Hi All,
it gives me great pleasure to let you know that a spur-format trunk Squeak image is finally available at http://www.mirandabanda.org/files/Cog/SpurImages/. Spur VMs are available at http://www.mirandabanda.org/files/Cog/VM/VM.r2987/.
Spur is a new object representation and garbage collector for Squeak/Pharo/Croquet/Newspeak. Features The object representation is significantly simpler than the existing one, and hence permits a lot of JIT optimizations, in particular allocating objects in machine code. This speeds up new, new: et al, but also speeds up blocks because contexts and closures are now allocated in machine code. It also provides immediate characters, so for example accessing wide strings is much faster in Spur, since characters do not have to be instantiated to represent characters with codes greater than 255.
The garbage collector has a scavenger and a global scan-mark-compact collector. The scavenger is significantly faster than the existing pointer-reversal scan-mark-compact, hence GC performance is much improved.
The memory manager manages old space as a sequence of segments, as opposed to the single contiguous space provided by the existing memory manager. The memory manager grows the heap a segment at a time, and can and will release empty segments back to the host OS after a full GC. Hence Spur is able to grow the heap to the limit of available memory without one having to specify the VM's memory size at start-up.
The object representation uses "lazy forwarding" to implement become:, creating copies of objects that are becommed, and forwarding the existing objects to the copies.
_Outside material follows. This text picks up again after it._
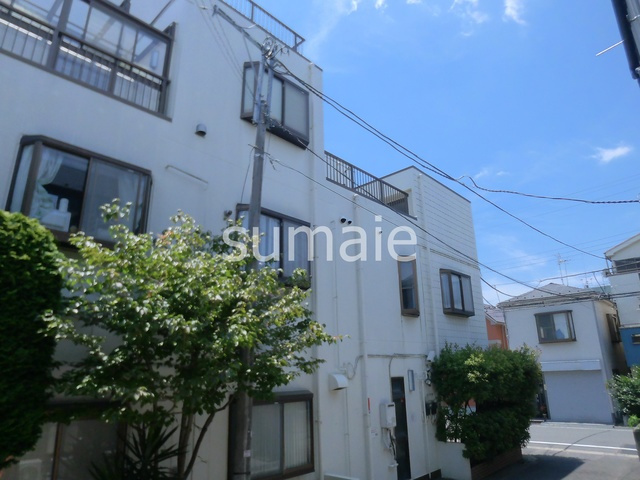 サンハイツ江戸川の展望|バルコニーからの眺めです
While Spur still scans the stack zone on become to ensure no forwarding pointers to the receiver exist in stack frames (for check-free push and store instance variable operations), it does not scan the entire heap, catching sends to forwarded objects as part of the normal message send class checks, hence following forwarding pointers lazily, and eliminating forwarders during GC. The existing memory manager does a full memory sweep and compact to implement become. Hence Spur provides the performance advantages of direct pointers while providing a significantly faster become.
While Spur uses moving GC (scavenging and compaction on full GC), just like the existing memory manager, Spur supports pinning, the ability to stop an object from moving. Old space objects will not be moved if pinned. Attempting to pin a new space object causes a become, forwarding the new space object to a pinned copy in old space. This allows simpler interfacing with foreign code through the FFI, since one can hand out references to pinned objects in the knowledge that they will not be moved by the GC.
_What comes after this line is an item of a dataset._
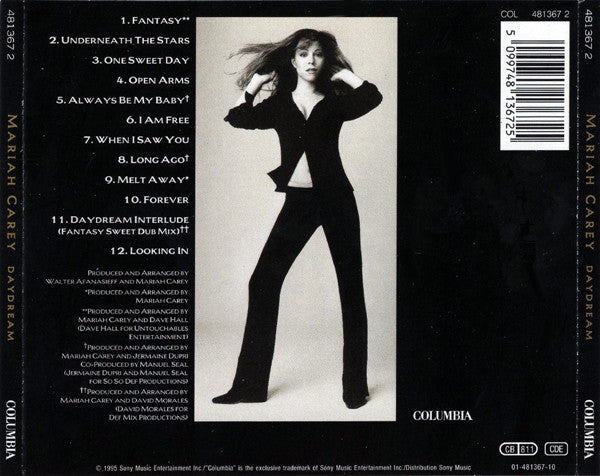 Mariah Carey : Daydream (CD, Album)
Finally Spur supports ephemerons in a simple and direct way, providing pre-mortem per-instance finalization. Although the image-level support needs to be written, it should soon be possible to improve the finalization of entities such as buffered files (ensuring they are flushed before being GCed), etc.
Future Work Spur is as yet a work in progress. The 32-bit implementation is usable and appears stable. The major missing component is an incremental scan-mark GC that should eliminate long pauses due to the global scan-mark-compact GC (which is still invoked at snapshot time). I hope to start on this soon. But another key facet of Spur is that the object header format and the sizes of objects are common between 32- and 64-bits. In 32-bit and 64-bit Spur, object bodies are multiples of 8 bytes, so there may be an unused slot at the end of a 32-bit object with an odd number of slots. Hence Spur is close to providing a "true" 64-bit system, one with 61-bit SmallIntegers, and 61-bit SmallFloats (objects with the same precision, but less range that 64-bit Float, done by stealing bits from the exponent field). I look forward to collaborating with Esteban Lorenzano on 64-bit Spur and hope that it will be available early next year.
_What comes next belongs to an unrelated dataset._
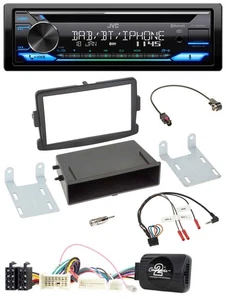JVC Bluetooth Lenkrad USB DAB CD Autoradio für Dacia Dokker Duster Lodgy ab 12 s - Bild 1 von 11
Experience I am of course interested in reports of performance effects. Under certain, hopefully rare circumstances, Spur may actually be slower (one is when the number of processes involved in process switching exceeds the number of stack pages in the stack zone). But my limited experience is that Spur is significantly faster than the existing VM. Please post experiences, both positive and negative.
Finally, caveat emptor! This is alpha code. Bugs may result in image corruption. If you do use Spur, please try and back up your work just in case. And if anything does go wrong please let me know, preferrably providing a reproducible case.
Enjoy! Eliot Miranda
|
Thanks eliot.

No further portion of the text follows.